This summer, I re-read This I believe, a book of excerpts from NPR’s series of the same name, in which people from all backgrounds share their personal philosophies. One in particular has stayed with me since. Greg Chapman, an ordinary man from Houston, TX, who is a tax accountant and a writer, starts by saying, “What do I believe? That the stories I tell myself shape my truth, my soul, and my life.”

Chapman, in his short piece, shares his journey to telling new stories about himself in order to find acceptance and self-worth. He talks about growing up in a religious Christian household and community that sent explicit and implicit messages about who and what was “bad” and “sinful.” These stories became his own.

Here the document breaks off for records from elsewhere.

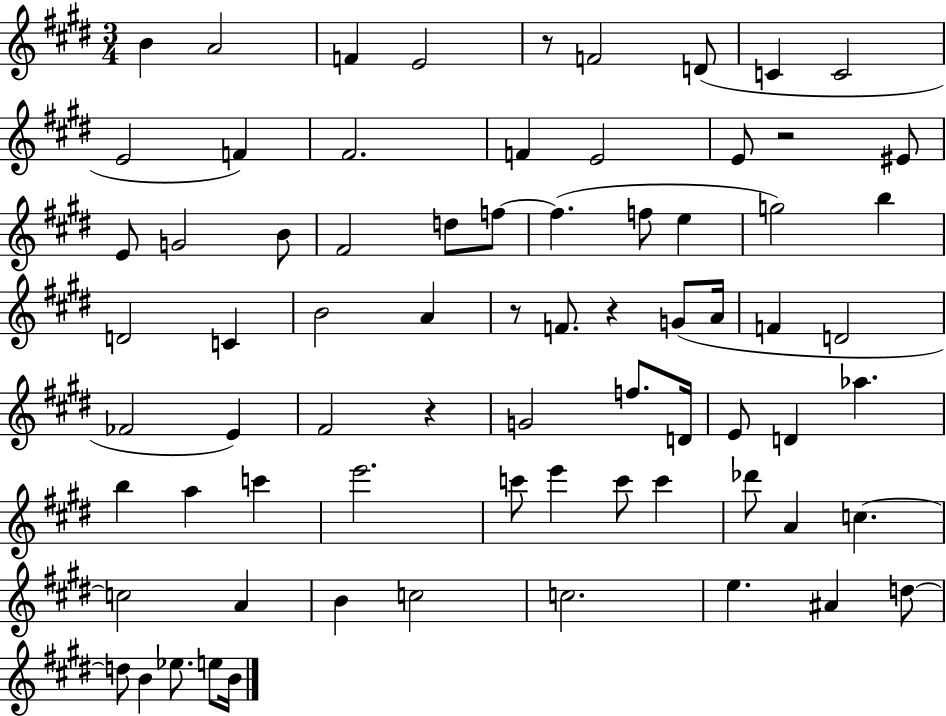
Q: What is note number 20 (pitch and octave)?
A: D5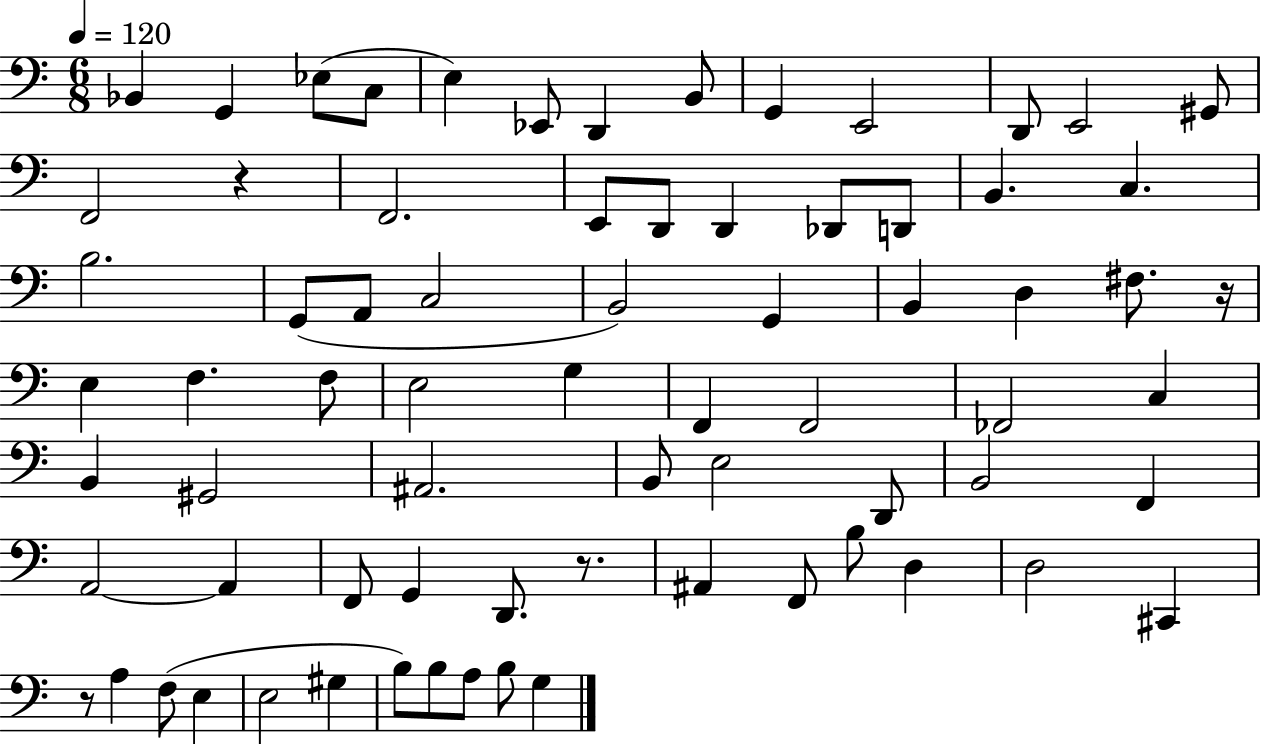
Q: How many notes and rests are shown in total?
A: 73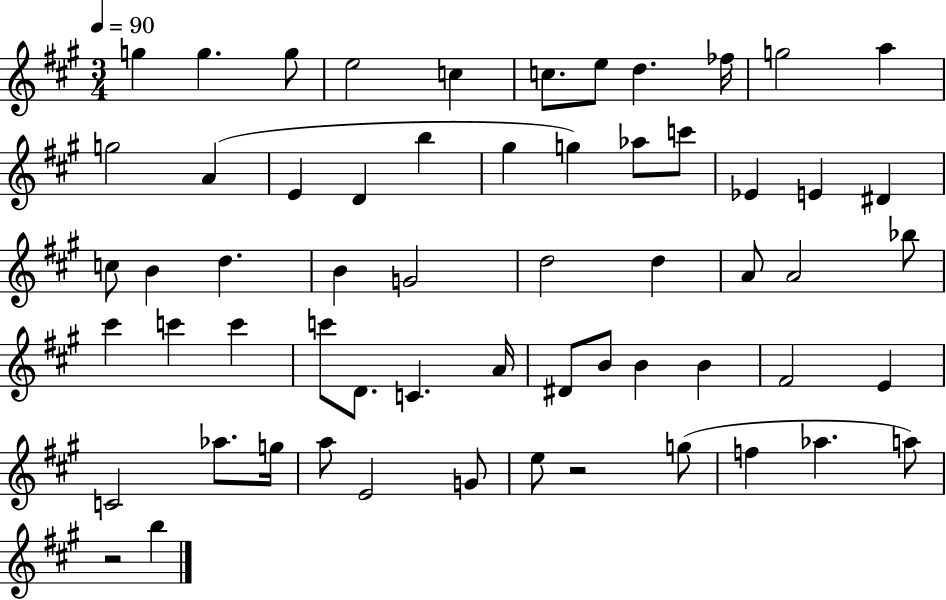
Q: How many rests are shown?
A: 2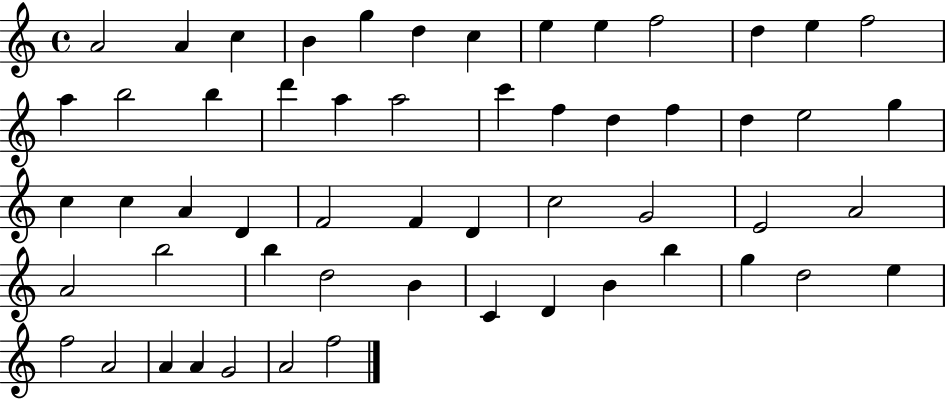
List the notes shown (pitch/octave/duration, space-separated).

A4/h A4/q C5/q B4/q G5/q D5/q C5/q E5/q E5/q F5/h D5/q E5/q F5/h A5/q B5/h B5/q D6/q A5/q A5/h C6/q F5/q D5/q F5/q D5/q E5/h G5/q C5/q C5/q A4/q D4/q F4/h F4/q D4/q C5/h G4/h E4/h A4/h A4/h B5/h B5/q D5/h B4/q C4/q D4/q B4/q B5/q G5/q D5/h E5/q F5/h A4/h A4/q A4/q G4/h A4/h F5/h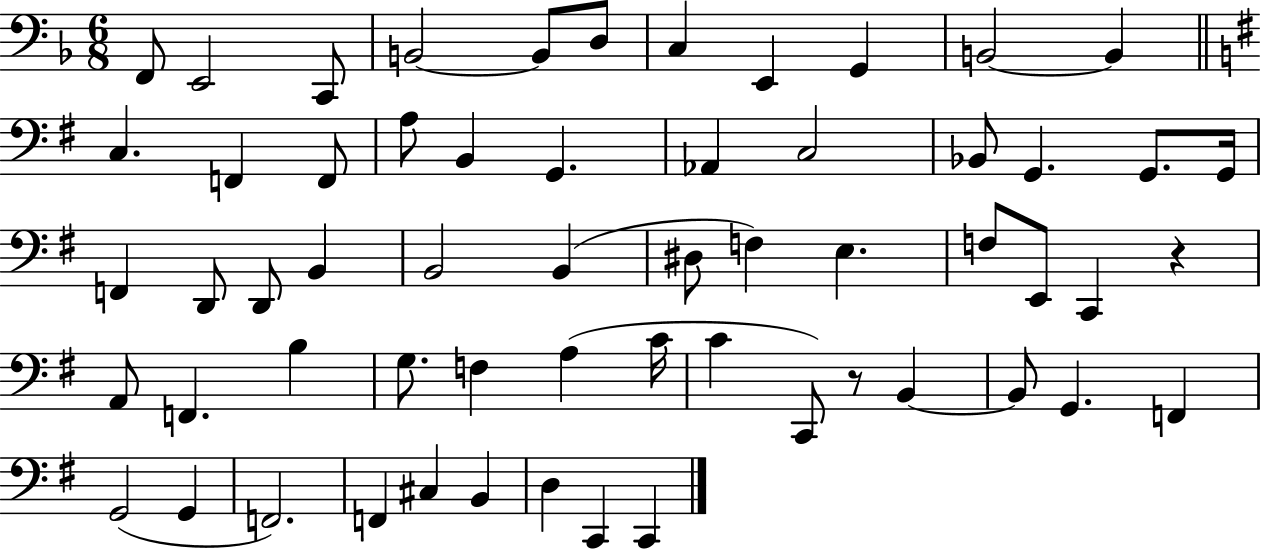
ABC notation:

X:1
T:Untitled
M:6/8
L:1/4
K:F
F,,/2 E,,2 C,,/2 B,,2 B,,/2 D,/2 C, E,, G,, B,,2 B,, C, F,, F,,/2 A,/2 B,, G,, _A,, C,2 _B,,/2 G,, G,,/2 G,,/4 F,, D,,/2 D,,/2 B,, B,,2 B,, ^D,/2 F, E, F,/2 E,,/2 C,, z A,,/2 F,, B, G,/2 F, A, C/4 C C,,/2 z/2 B,, B,,/2 G,, F,, G,,2 G,, F,,2 F,, ^C, B,, D, C,, C,,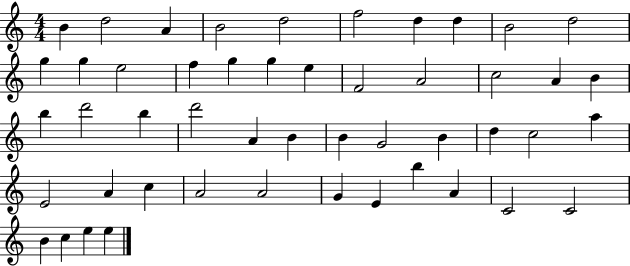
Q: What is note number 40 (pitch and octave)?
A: G4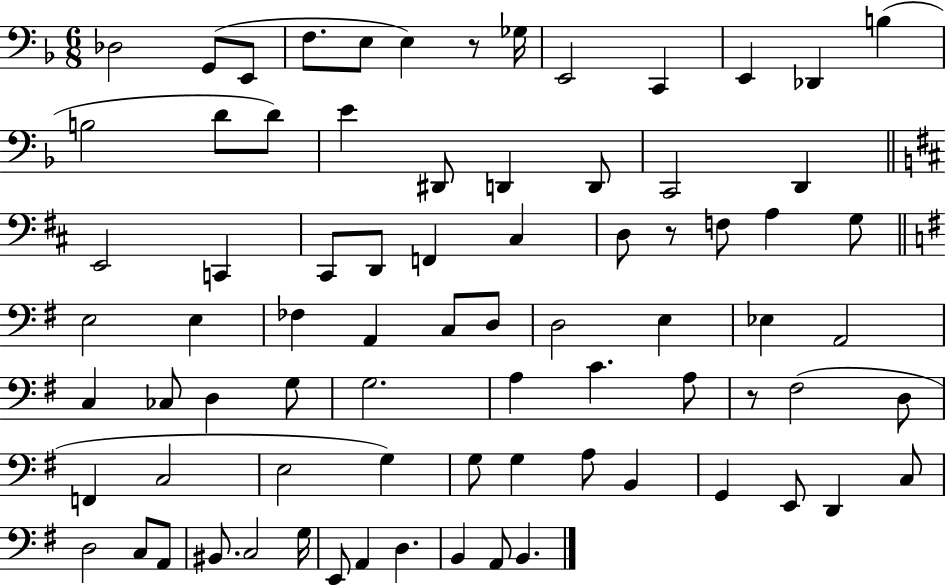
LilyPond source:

{
  \clef bass
  \numericTimeSignature
  \time 6/8
  \key f \major
  des2 g,8( e,8 | f8. e8 e4) r8 ges16 | e,2 c,4 | e,4 des,4 b4( | \break b2 d'8 d'8) | e'4 dis,8 d,4 d,8 | c,2 d,4 | \bar "||" \break \key d \major e,2 c,4 | cis,8 d,8 f,4 cis4 | d8 r8 f8 a4 g8 | \bar "||" \break \key g \major e2 e4 | fes4 a,4 c8 d8 | d2 e4 | ees4 a,2 | \break c4 ces8 d4 g8 | g2. | a4 c'4. a8 | r8 fis2( d8 | \break f,4 c2 | e2 g4) | g8 g4 a8 b,4 | g,4 e,8 d,4 c8 | \break d2 c8 a,8 | bis,8. c2 g16 | e,8 a,4 d4. | b,4 a,8 b,4. | \break \bar "|."
}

As he grew older, he struggled to come to terms with the fact that he was a gay man. Given the stories he was told his whole life, Chapman thought there was something terribly wrong with him. He writes, “I came to believe that I was an abomination, a thing hated by God.” He fell into a deep depression and tried to deny who he was.

But, he recalls, around the age of 35, things started to change. He writes: “I started to change the basic stories of my life; that I’m bad, alienated from God… I started to love myself and to believe the Divine did so as well. As that belief strengthened through the repetition of the (new) story, I began to love others, and I was loved back. The more I loved myself, the more beauty I saw in everyone else. The more I healed…I looked more and more to my own heart to find the right path.”

And he ends with these words: “And this I believe. The right story is the one that helps me to love myself the most, to create the most, to love others and to support them in their creations.”

As Greg Chapman attests, the stories we tell have power and potency. The wrong stories can have tremendous negative impact — they can keep us down, stop us from being our authentic selves, from accepting love and connection. On the other hand, there are stories we can tell that offer possibility and promise — stories that can help us heal, accept and love ourselves, and grow. And in our own life, each of us can change the stories of our lives. And build a new future.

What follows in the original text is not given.